His argument comes at a time of increasing political tensions between Hong Kong and the mainland, which some market watchers fear is threatening the legal independence and semi-autonomous relationship that has made the city so attractive to international finance. If things get rocky, it would only be natural for firms to look at other avenues to raise new equity.
But it’s not quite that clear-cut as saying that political tensions and pressure from Beijing are good or bad for the Hong Kong ECM market. There are elements of both.
For starters, Hong Kong’s value proposition is not going to change and it will remain a huge draw for Chinese issuers, particularly those looking to do business across the border. The bourse has repeatedly been among the busiest IPO markets in the world, offering a vast investor base and increasing access to Chinese capital. It has also firmly cemented its status as Asia’s financial hub.
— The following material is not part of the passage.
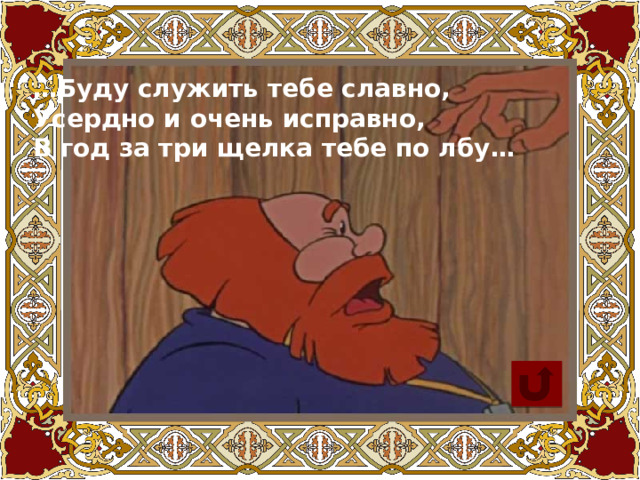 … Буду служить тебе славно, Усердно и очень исправно, В год за три щелка тебе по лбу…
Singapore, in comparison, is a much smaller market. It has been the hub for Asean issuers and the de facto home for real estate investment trust IPOs, but it needs more primary equity business. Lack of chunky deals in primary has made secondary trading volumes on the exchange lacklustre — a frequent complaint among ECM bankers. So it makes sense that it is trying to attract Chinese companies that have largely been heading to Hong Kong or New York to list.
SGX already has a number of Chinese firms listed on its bourse, known as S-chip stocks. But the majority of those names listed nearly a decade ago. And in recent years the trend has reversed, with an increasing number of S-chips de-listing. The bourse has also had trouble winning over local issuers, such as gaming company Razer, which last year opted to leave its home market and list on the HKEX.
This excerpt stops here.